Prenuptial Agreement: n. a written contract between two people who are about to marry, setting out the terms of ownership of existing and later acquired assets, treatment of future earnings, control of the property of each, and potential division if the marriage is later dissolved or if a spouse dies.

wedding cake couple with lawyer

Please keep in mind that these are general concepts and that the laws in your state could affect the answers to these questions because the laws in some states and countries are extremely different from others.

Who should get a prenup? The easiest way to answer that question is to explain who should NOT get a prenup. If you have no assets, don't anticipate high earnings or a significant inheritance, and intend for your marriage to be a true partnership where all income and assets are split equally, then you may not need a prenup. Also, if you spend what you make, then there is nothing to discuss. However, it is important to consider that all marriages end. They end by either death or divorce. Would you rather make the decision about how your assets will be split yourselves under these circumstances or have the state decide?

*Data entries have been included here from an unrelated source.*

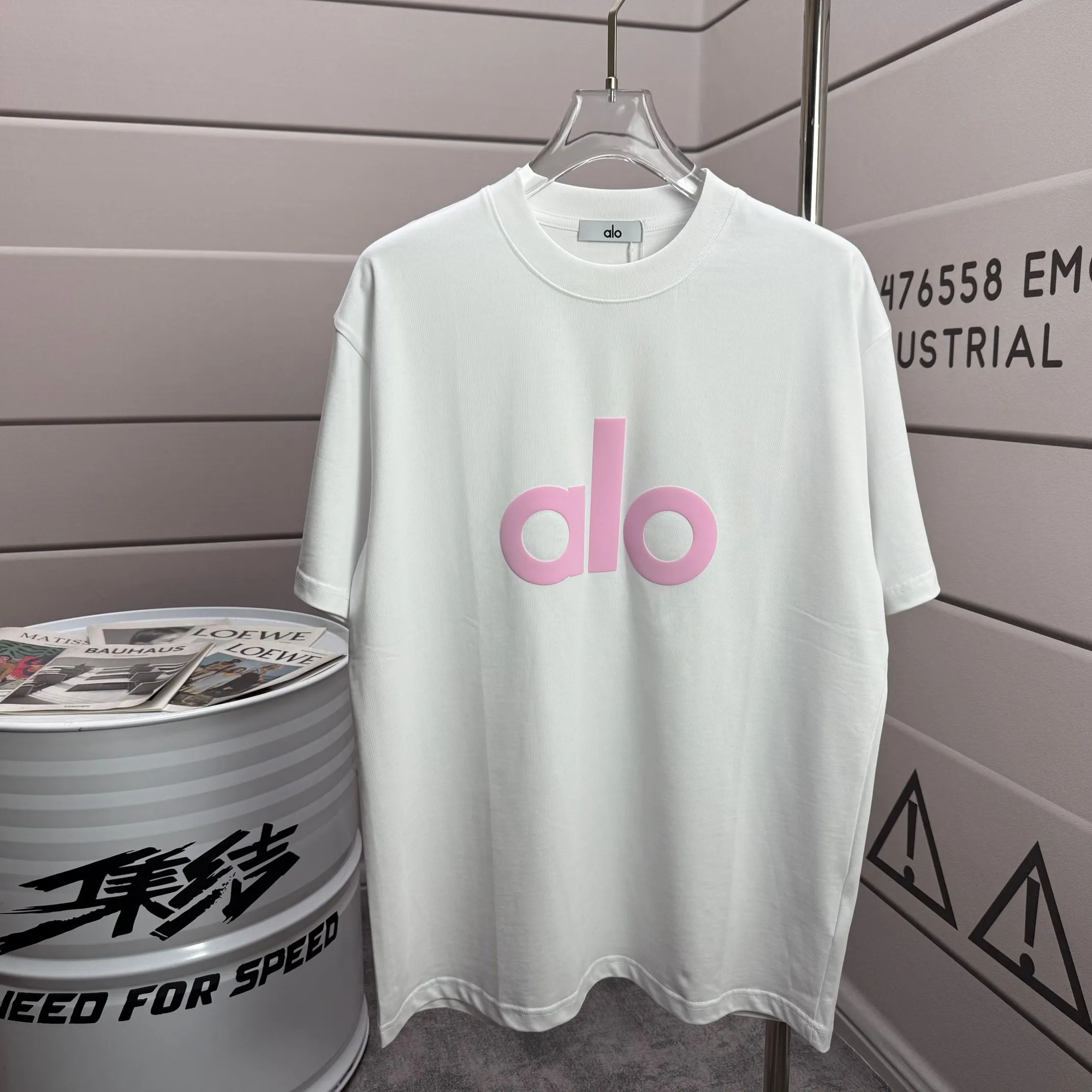 # 85 Alo*2026 spring and summer style Classic simple letter foaming technology Personalized logo Customized double yarn plain cotton fabric Short-sleeved T-shirt Men and women Same Style Color: Black White Angora Red Light Yellow Size: S (90-130 pounds) M (120-150 pounds) L (140-165 pounds) XL (160-180 pounds) XXL (180 kilograms)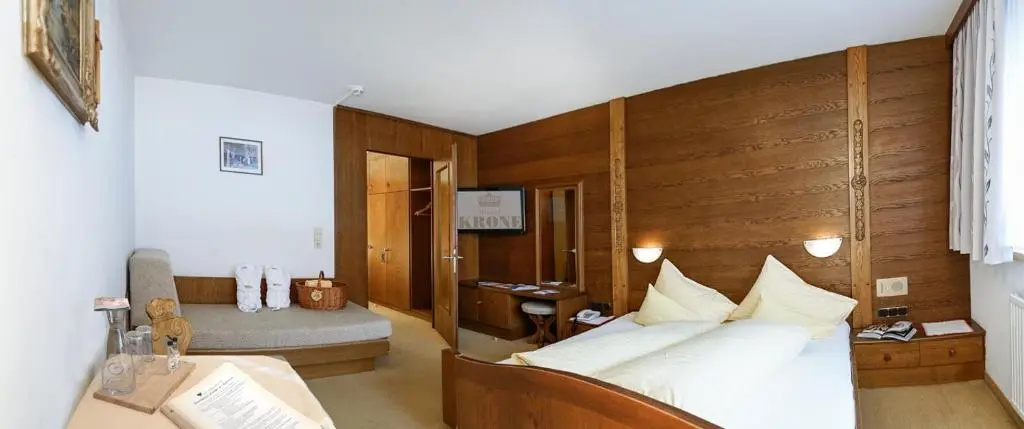 Economy room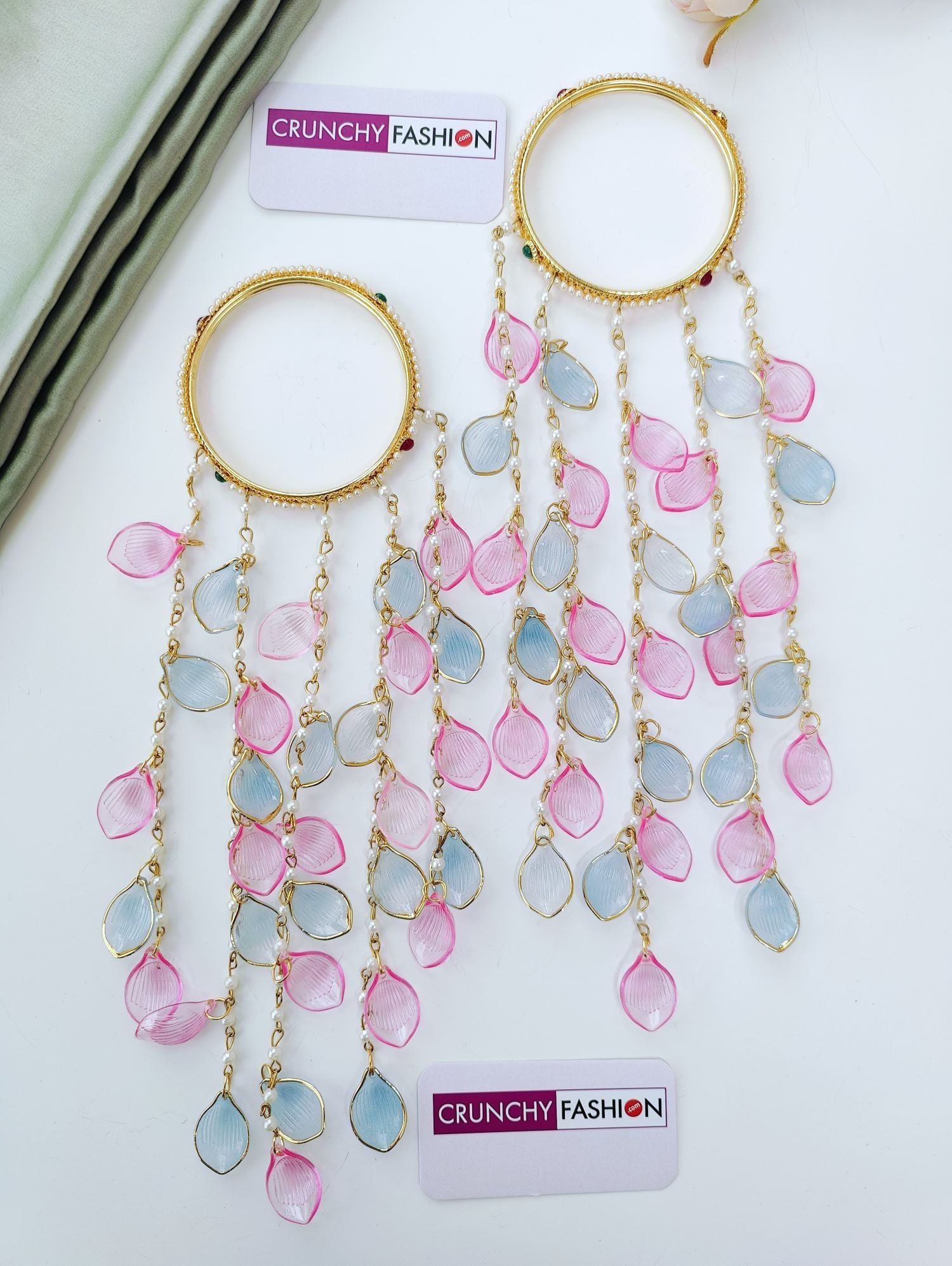 Handmade Pink Floral Acrylic Jewelry Set with Kaliras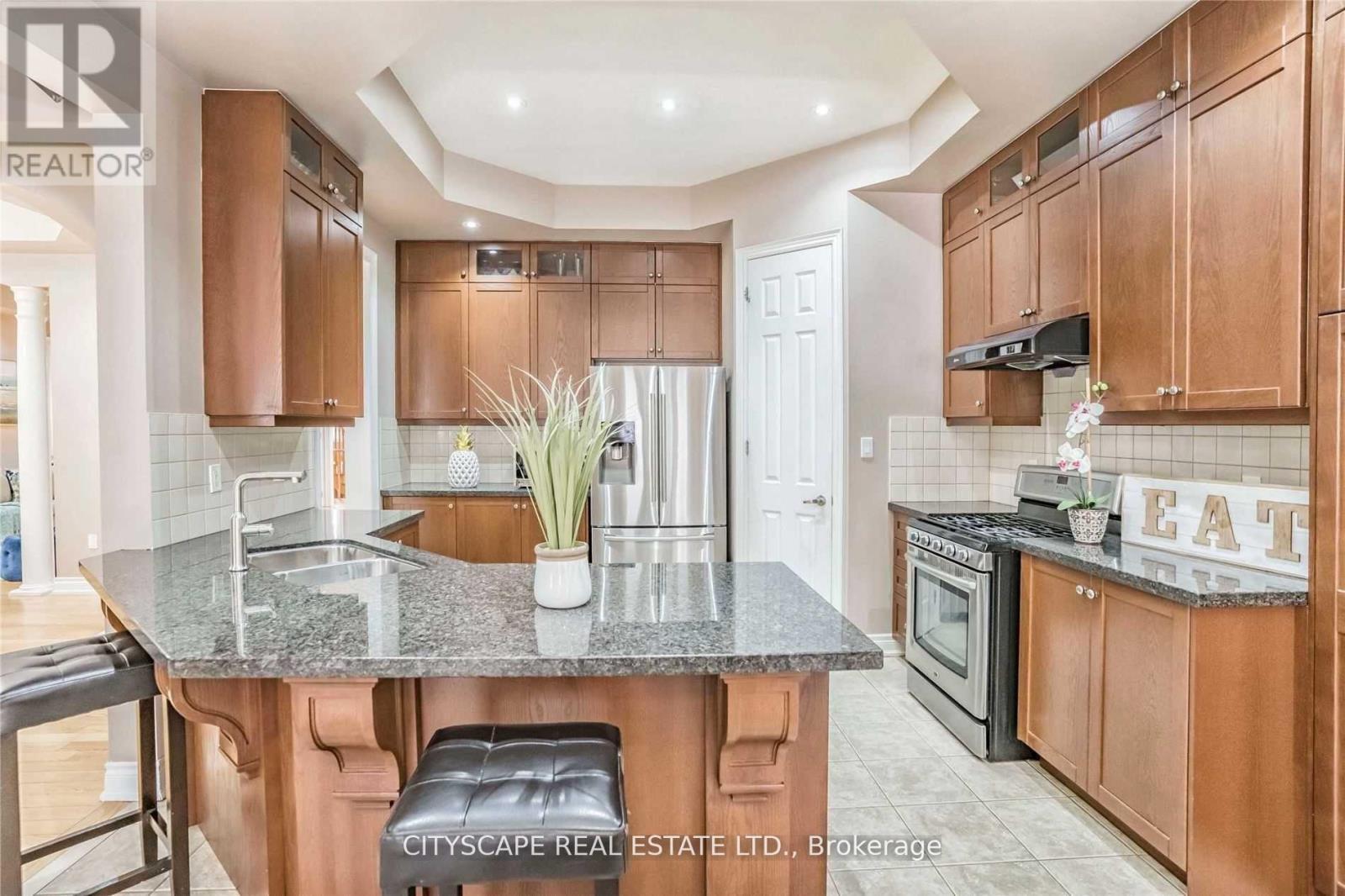 3274 Erin Centre Boulevard, Mississauga, ON - Indoor Photo Showing Kitchen With Stainless Steel Kitchen With Upgraded Kitchen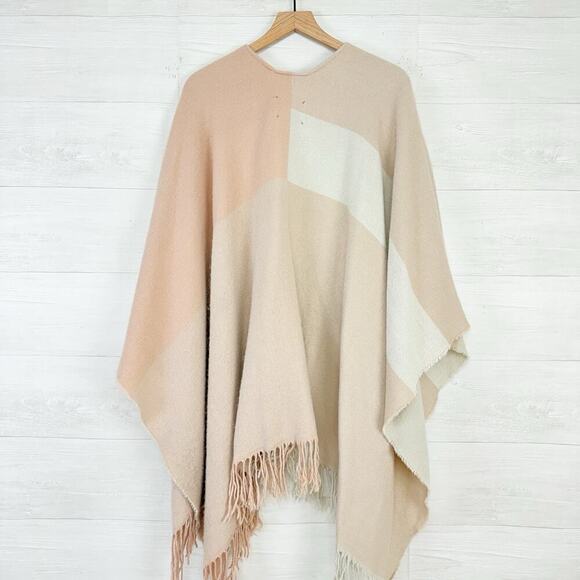 Soia & Kyo Woven Scarfigan Wrap Shawl Poncho One Size Ivory Mauve Fringe Cozy - Picture 9 of 16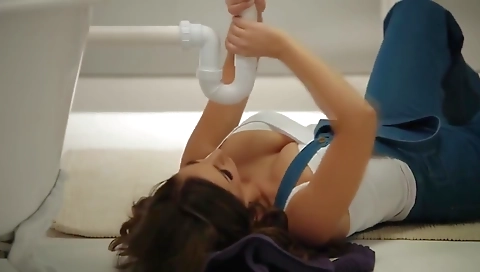 Sexy-haired and her sexy body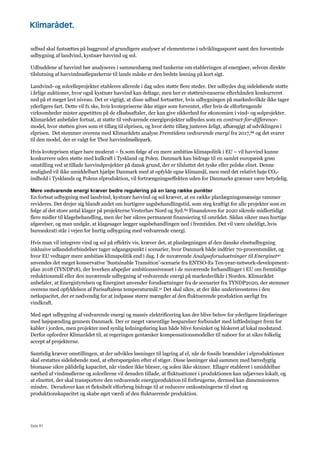 Side 91
udbud skal fastsættes på baggrund af grundigere analyser af elementerne i udviklingssporet samt den forventede
udbygning af landvind, kystnær havvind og sol.
Udbuddene af havvind bør analyseres i sammenhæng med tankerne om etableringen af energiøer, selvom direkte
tilslutning af havvindmølleparkerne til lands måske er den bedste løsning på kort sigt.
Landvind- og solcelleprojekter etableres allerede i dag uden støtte flere steder. Der udbydes dog sideløbende støtte
i årlige auktioner, hvor også kystnær havvind kan deltage, men her er støtteniveauerne efterhånden konkurreret
ned på et meget lavt niveau. Det er vigtigt, at disse udbud fortsætter, hvis udbygningen på markedsvilkår ikke tager
yderligere fart. Dette vil fx ske, hvis kvotepriserne ikke stiger som forventet, eller hvis de elforbrugende
virksomheder mister appetitten på de elkøbsaftaler, der kan give sikkerhed for økonomien i vind- og solprojekter.
Klimarådet anbefaler fortsat, at støtte til vedvarende energiprojekter udbydes som en contract-for-difference-
model, hvor støtten gives som et tillæg til elprisen, og hvor dette tillæg justeres årligt, afhængigt af udviklingen i
elprisen. Det stemmer overens med Klimarådets analyse Fremtidens vedvarende energi fra 2017,88 og det svarer
til den model, der er valgt for Thor havvindmøllepark.
Hvis kvoteprisen stiger bare moderat – fx som følge af en mere ambitiøs klimapolitik i EU – vil havvind kunne
konkurrere uden støtte med kulkraft i Tyskland og Polen. Danmark kan bidrage til en samlet europæisk grøn
omstilling ved at tillade havvindprojekter på dansk grund, der er tilsluttet det tyske eller polske elnet. Denne
mulighed vil ikke umiddelbart hjælpe Danmark med at opfylde egne klimamål, men med det relativt høje CO2-
indhold i Tysklands og Polens elproduktion, vil fortrængningseffekten uden for Danmarks grænser være betydelig.
Mere vedvarende energi kræver bedre regulering på en lang række punkter
En fortsat udbygning med landvind, kystnær havvind og sol kræver, at en række planlægningsmæssige rammer
revideres. Det drejer sig blandt andet om hurtigere sagsbehandlingstid, som steg kraftigt for alle projekter som en
følge af det store antal klager på projekterne Vesterhav Nord og Syd.89 Finansloven for 2020 sikrede midlertidigt
flere midler til klagebehandling, men der bør sikres permanent finansiering til området. Sådan sikrer man hurtige
afgørelser, og man undgår, at klagesager lægger sagsbehandlingen ned i fremtiden. Det vil være uheldigt, hvis
bureaukrati står i vejen for hurtig udbygning med vedvarende energi.
Hvis man vil integrere vind og sol på effektiv vis, kræver det, at planlægningen af den danske elnetudbygning
inklusive udlandsforbindelser tager udgangspunkt i scenarier, hvor Danmark både indfrier 70-procentsmålet, og
hvor EU vedtager mere ambitiøs klimapolitik end i dag. I de nuværende Analyseforudsætninger til Energinet90
anvendes det meget konservative ’Sustainable Transition’-scenarie fra ENTSO-Es Ten-year-network-development-
plan 2018 (TYNDP18), der hverken afspejler ambitionsniveauet i de nuværende forhandlinger i EU om fremtidige
reduktionsmål eller den nuværende udbygning af vedvarende energi på markedsvilkår i Norden. Klimarådet
anbefaler, at Energistyrelsen og Energinet anvender forudsætninger fra de scenarier fra TYNDP2020, der stemmer
overens med opfyldelsen af Parisaftalens temperaturmål.91 Det skal sikre, at der ikke underinvesteres i den
netkapacitet, der er nødvendig for at indpasse større mængder af den fluktuerende produktion særligt fra
vindkraft.
Med øget udbygning af vedvarende energi og massiv elektrificering kan der blive behov for yderligere linjeføringer
med højspænding gennem Danmark. Der er meget væsentlige besparelser forbundet med luftledninger frem for
kabler i jorden, men projekter med synlig ledningsføring kan både blive forsinket og blokeret af lokal modstand.
Derfor opfordrer Klimarådet til, at regeringen gentænker kompensationsmodeller til naboer for at sikre folkelig
accept af projekterne.
Samtidig kræver omstillingen, at der udvikles løsninger til lagring af el, når de fossile brændsler i elproduktionen
skal erstattes sideløbende med, at efterspørgslen efter el stiger. Disse løsninger skal sammen med bæredygtig
biomasse sikre pålidelig kapacitet, når vinden ikke blæser, og solen ikke skinner. Ellagre etableret i umiddelbar
nærhed af vindmøllerne og solcellerne vil desuden tillade, at fluktuationer i produktionen kan udjævnes lokalt, og
at elnettet, der skal transportere den vedvarende energiproduktion til forbrugerne, dermed kan dimensioneres
mindre. Derudover kan et fleksibelt elforbrug bidrage til at reducere omkostningerne til elnet og
produktionskapacitet og skabe øget værdi af den fluktuerende produktion.
 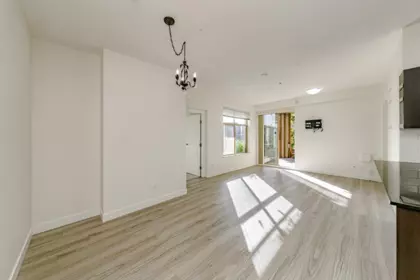Kitchen Island Photo of 107 1633 Mackay Avenue, North Vancouver, BC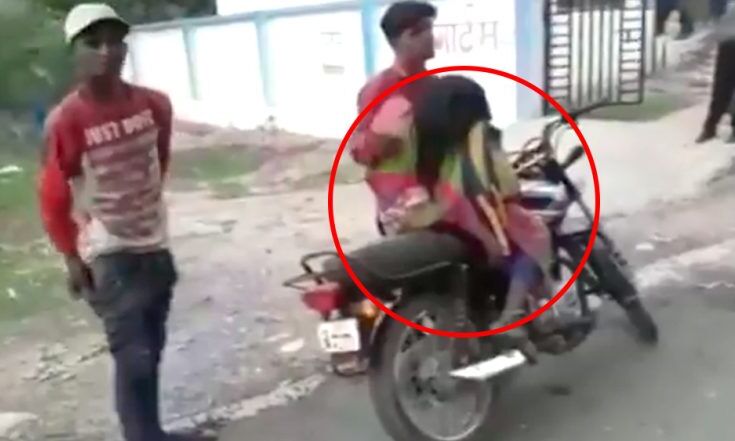 मध्यप्रदेश: मां के शव को बाइक पर बांधकर बेटा पहुंचा पोस्टमॉर्टम हाउस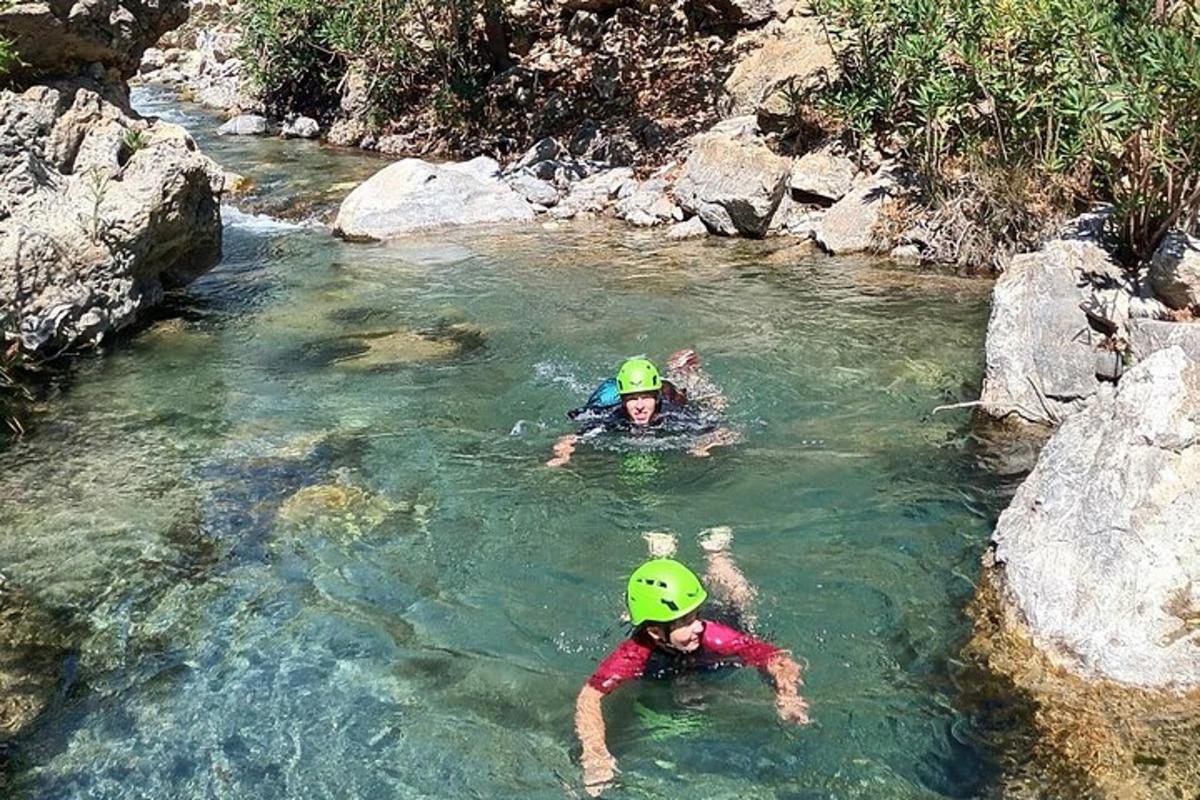 duas pessoas na água de um rio
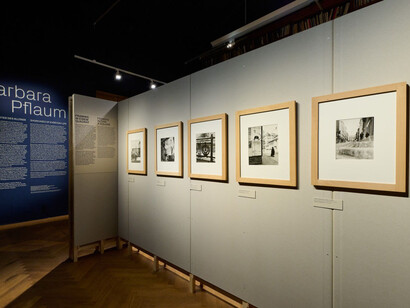 Barbara Pflaum, Showcases of everyday life, exhibition view. Courtesy of MAK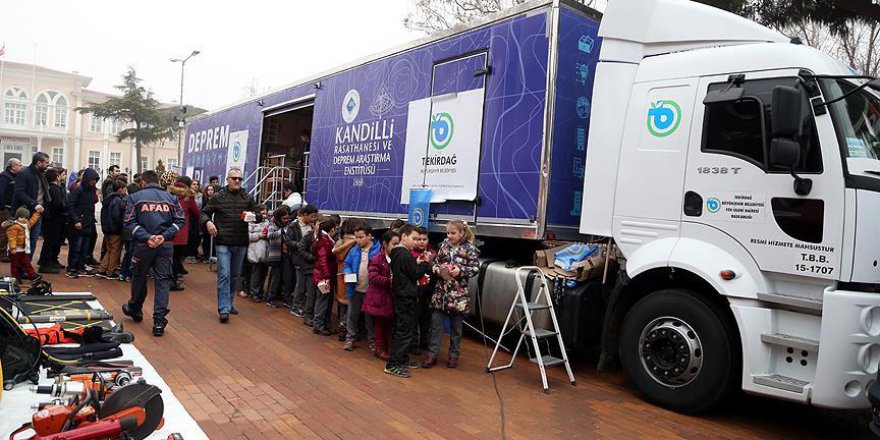 Rotası fay hattı olan tırla depremi anlatıyorlar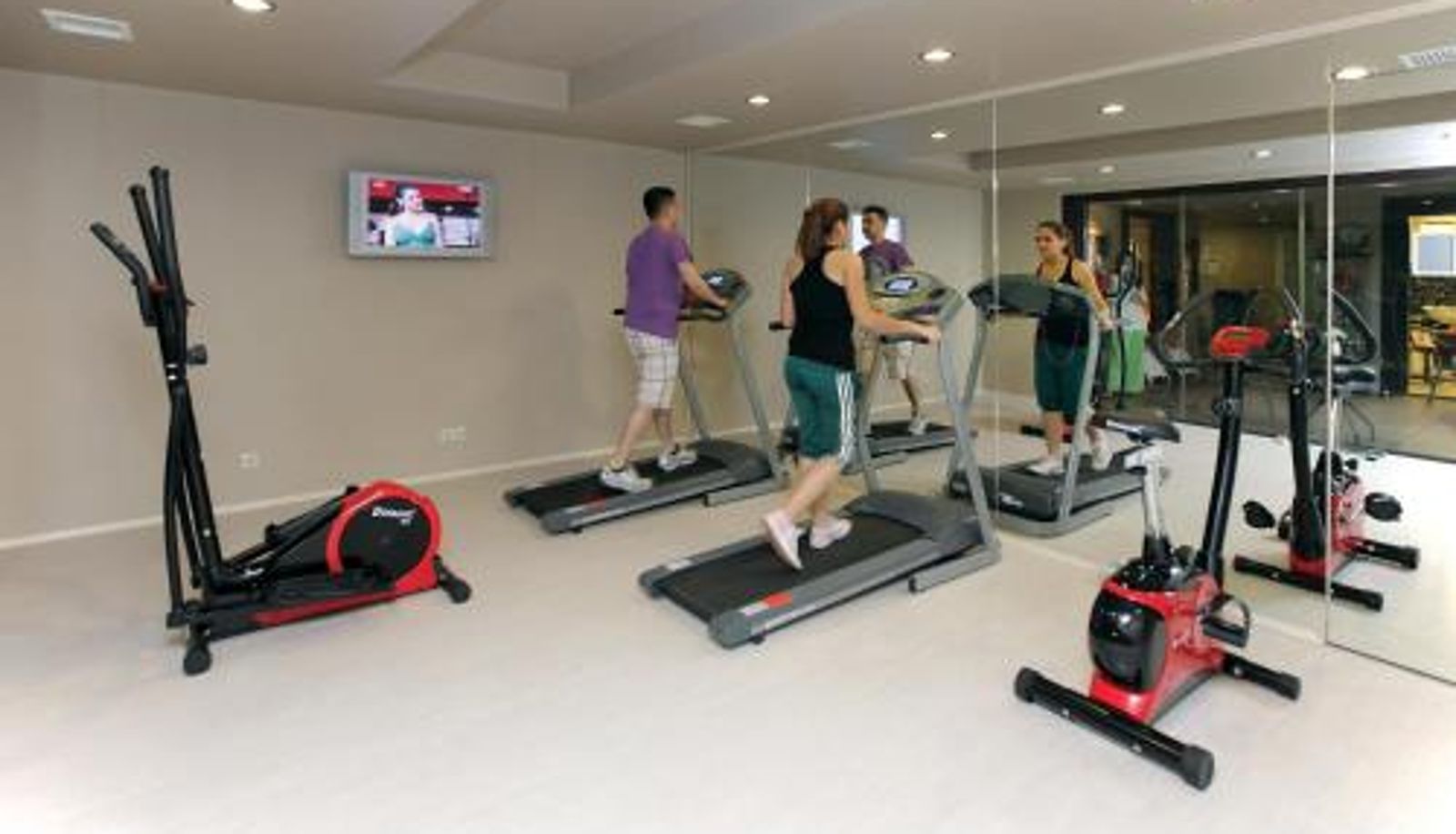 Area benessere e fitness - Julian Club Hotel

What subjects should be included in a prenup? At a minimum, you want to state what rights each party has to the existing assets, including increase in value and income from premarital assets. You should also state what rights each will have to assets acquired during the marriage from earnings and/or gifts and inheritances. You may or may not want to state how to share ordinary living expenses, obligations from a prior marriage, and/or existing child support, and whether or not it will be paid from existing assets or earnings obtained during the marriage.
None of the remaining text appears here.